Restaurateur tracks down, knocks out suspect in iPhone theft

SHARE Restaurateur tracks down, knocks out suspect in iPhone theft

As a former bouncer and martial arts master, Jason Chan has an eye out for people who look like trouble.

So on Thursday, when a man who seemed nervous walked into Juno, the restaurant he co-owns, Chan kept his eye on him. The man seemed too disheveled to be trying to get a table at the Michelin-recognized restaurant at 2638 N. Lincoln Ave.

“He had his jacket in his hand, and it was kind of cold out,” Chan said.

The man asked the bartender for a piece of paper and a pen, then he placed his jacket on the bar. He quickly grabbed it back and ran out of the restaurant as Chan watched.

Chan asked the customer closest to where the man had stood if he had his phone, which had been on the bar. Gary Wolske, a Juno regular, told Chan his iPhone 5 was missing.

Wolske went to the nearest police station to file a report.

Chan, on the other hand, went to get the phone back.

“I have a protective nature, I guess,” Chan said.

After checking the bars on either side of the restaurant, Chan got in his car and drove a few blocks, looking for the man, who was wearing a distinctively striped sweater.

He saw him walk into Lou Malnati’s Pizzeria at Wrightwood and Lincoln.

Chan pulled up in front of the pizzeria and confronted him as he tried to repeat his jacket ploy at the bar.

“We engaged with each other, and he tried to push me out of the way and run out,” Chan said. “I grabbed him and threw him into the door.”

While people watching the incident called police, Chan, who teaches a type of martial art called Shidokan, fought the man on the sidewalk.

“He was adversarial, [so I used] hand-to-hand combat techniques to make sure he was unconscious,” Chan said.

“I put him in a maneuver called an arm bar and told him I would break his arm if he tried to get away,” Chan said. The man kept fighting, so Chan knocked him out with a kick to the face and neutralized him until the police arrived a few minutes later.

When the man came to, Chan made him admit what he had done — and where the phone was — to the crowd that had gathered.

Police arrested Justin Ballog, 37, of the 5000 block of North California, who was charged with misdemeanor theft , according to a police spokeswoman.

Chan met Wolske at the police station after work and filed a complaint.

Chan said police told him that petty theft had increased recently in the area of bars and restaurants along Lincoln Avenue in Lincoln Park.

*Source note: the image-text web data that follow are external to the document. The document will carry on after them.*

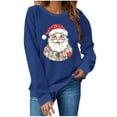 thumbnail image 2 of Craaazy Christmas Tops For Women Fashion Long Sleeve Crew Neck T-Shirt Christmas Printing Loose Blouse Pullover Sweatshirts Gifts, 2 of 4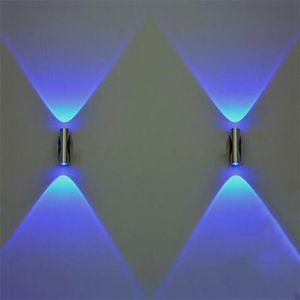 Tweekoppige LED Wandlamp Huis Blaker Bar Veranda Muur Decor Plafondlamp Blauw tweekoppige Plafondlamp schroeven # X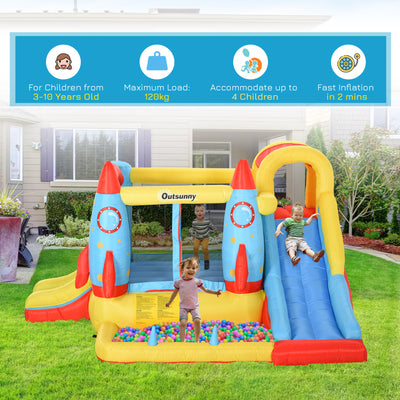 Outsunny Bounce Castle Inflatable Trampoline Slide Pool Rocket Design 3.4 x 2.8 x 1.85m 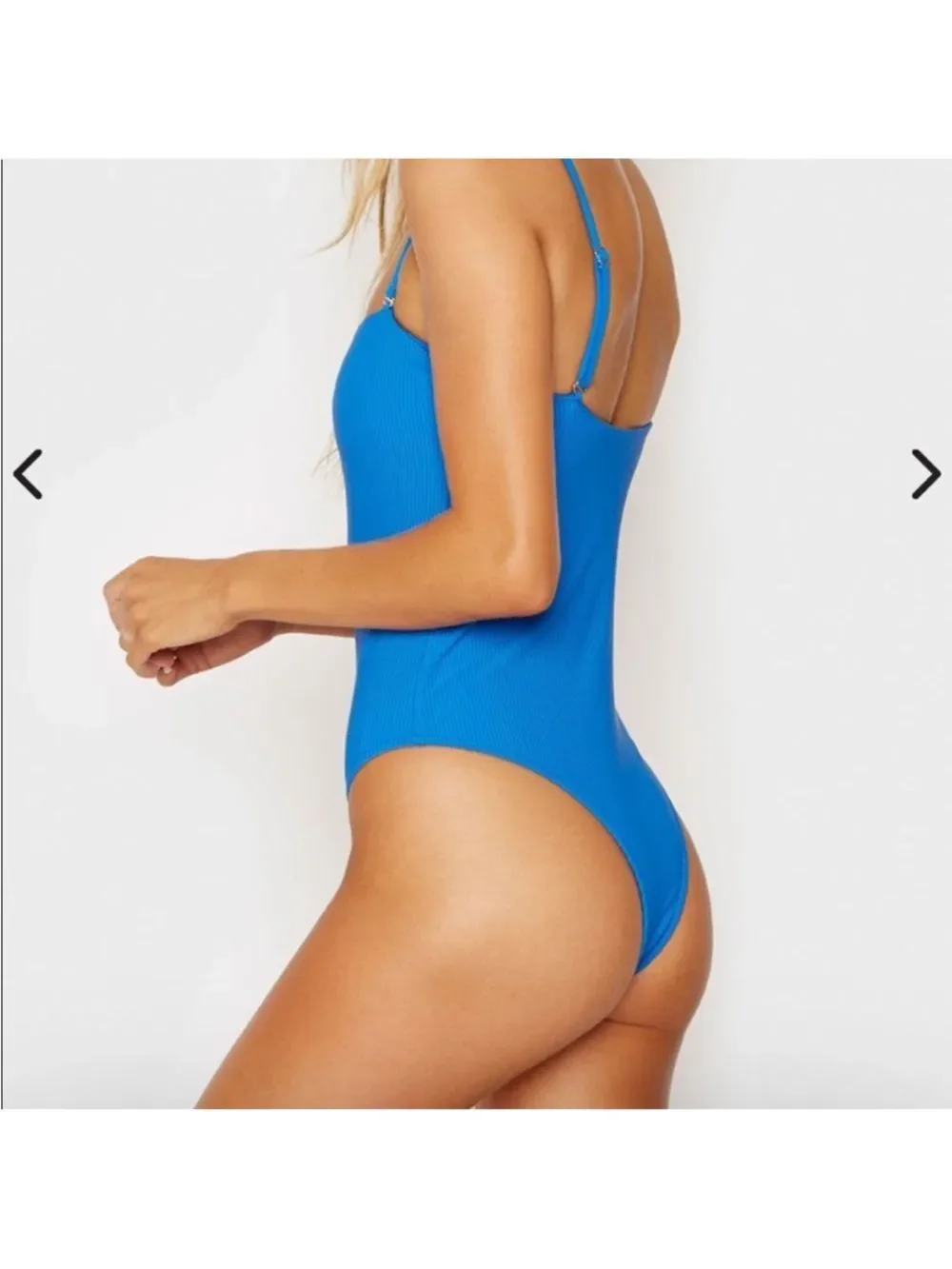 Frankie’s Bikinis Blue One Piece Size Large Cheeky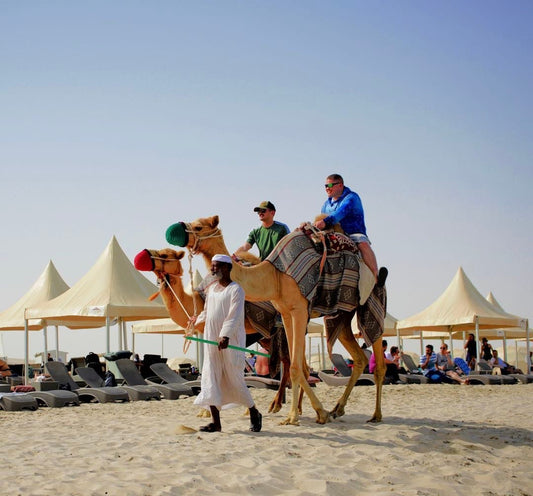 Doha : utilisation d'une journée dans un camp dans le désert, safari en option, sandboard et balade à dos de chameau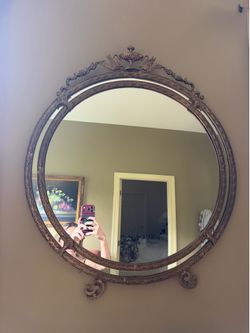 Large Ornate Round Mirror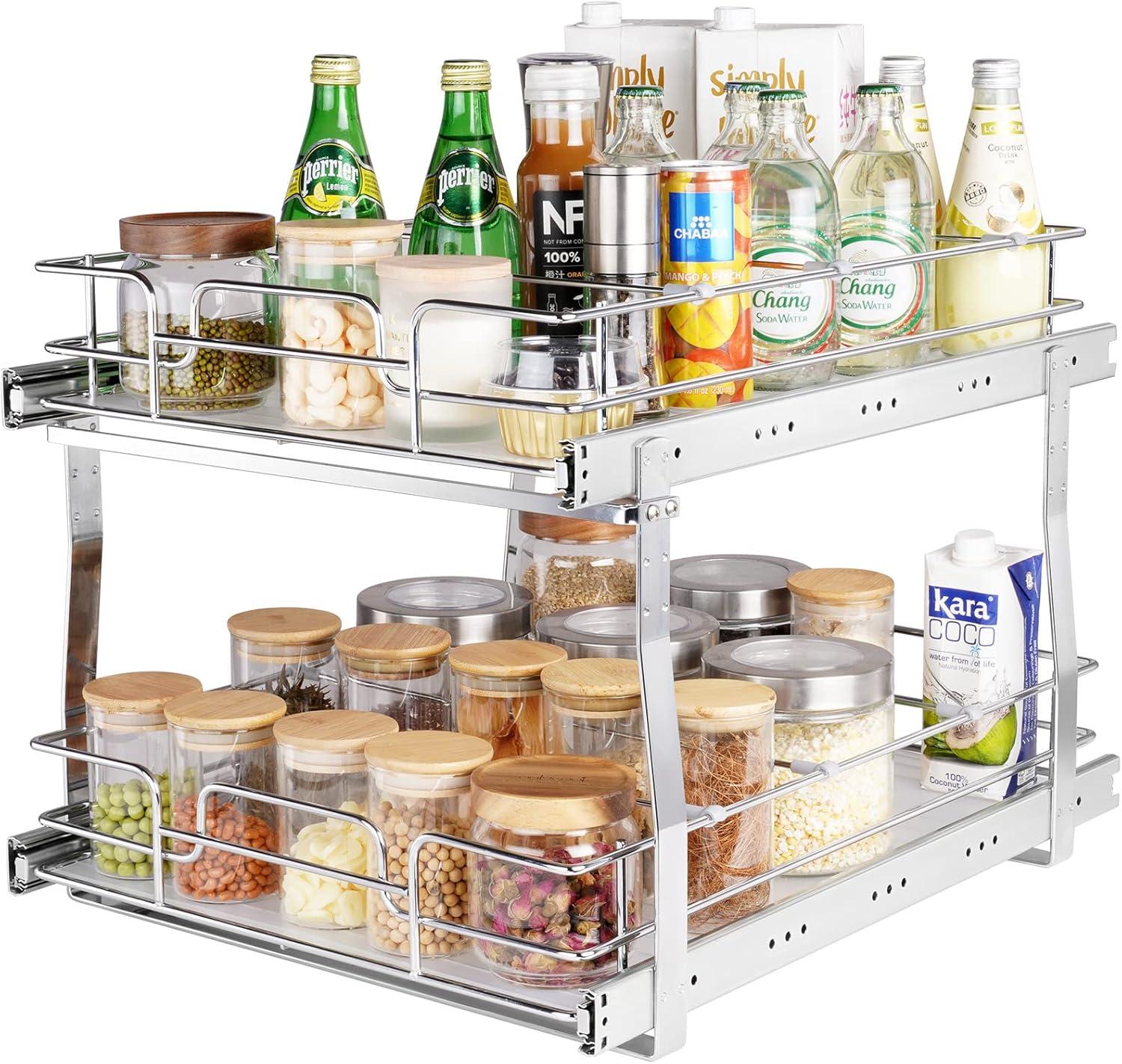 VEVOR 2 Tier Pull Out Cabinet Organizer(10.7"W x 14.2"D ), Under Sink Organizer and Storage, Slide Out Drawer Cabinet Organizer, Wire Basket Sliding Shelf for Kitchen Bathroom Cabinet, Black (2 Pack)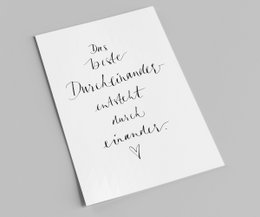 lettering card | The best mess comes from each other | Love card with saying | postcard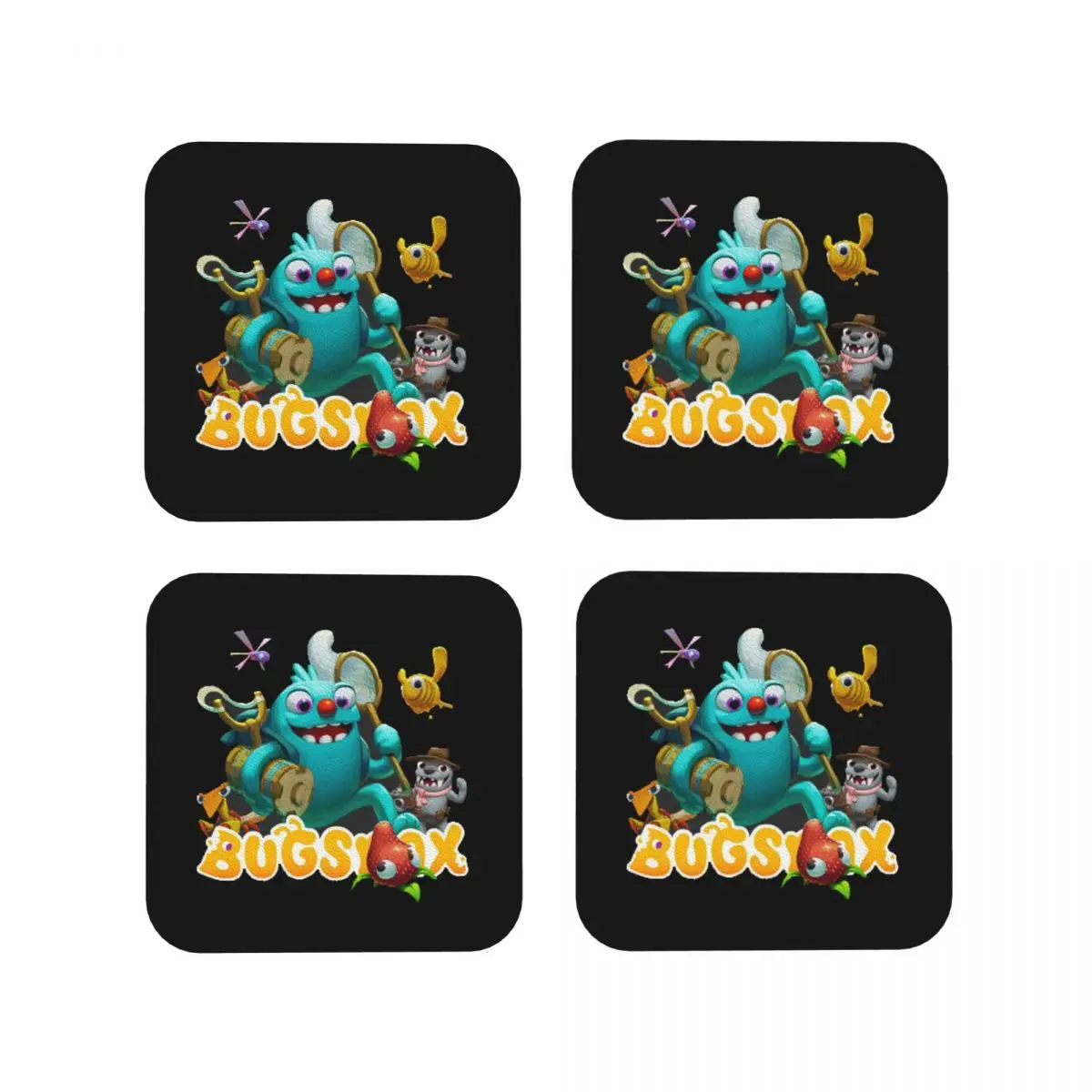 Bugsnax Coasters Kitchen Placemats Waterproof Insulation Cup Coffee Mats For Decor Home Tableware Pads Set of 4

The police spokeswoman declined to comment.

Chan said he has practiced and taught Shidokan for 19 years. He said other than an incident earlier this year, he hasn’t used it outside the gym in more than a decade.

Wolske said he won’t be leaving his phone on the bar again — but he will go back to Juno, which got a Michelin Bib Gourmand rating just last week.

“It does send a message: This tough guy, Jason, and his neighbors are not going to allow this,” Wolske said.

Wolske sent Chan a bottle of 12-year-old, single-malt Glenlivet scotch on Friday to show his appreciation.

“He’s like the modern-day John Wayne, or Bruce Lee. . . . He takes it to heart: What’s right is right.”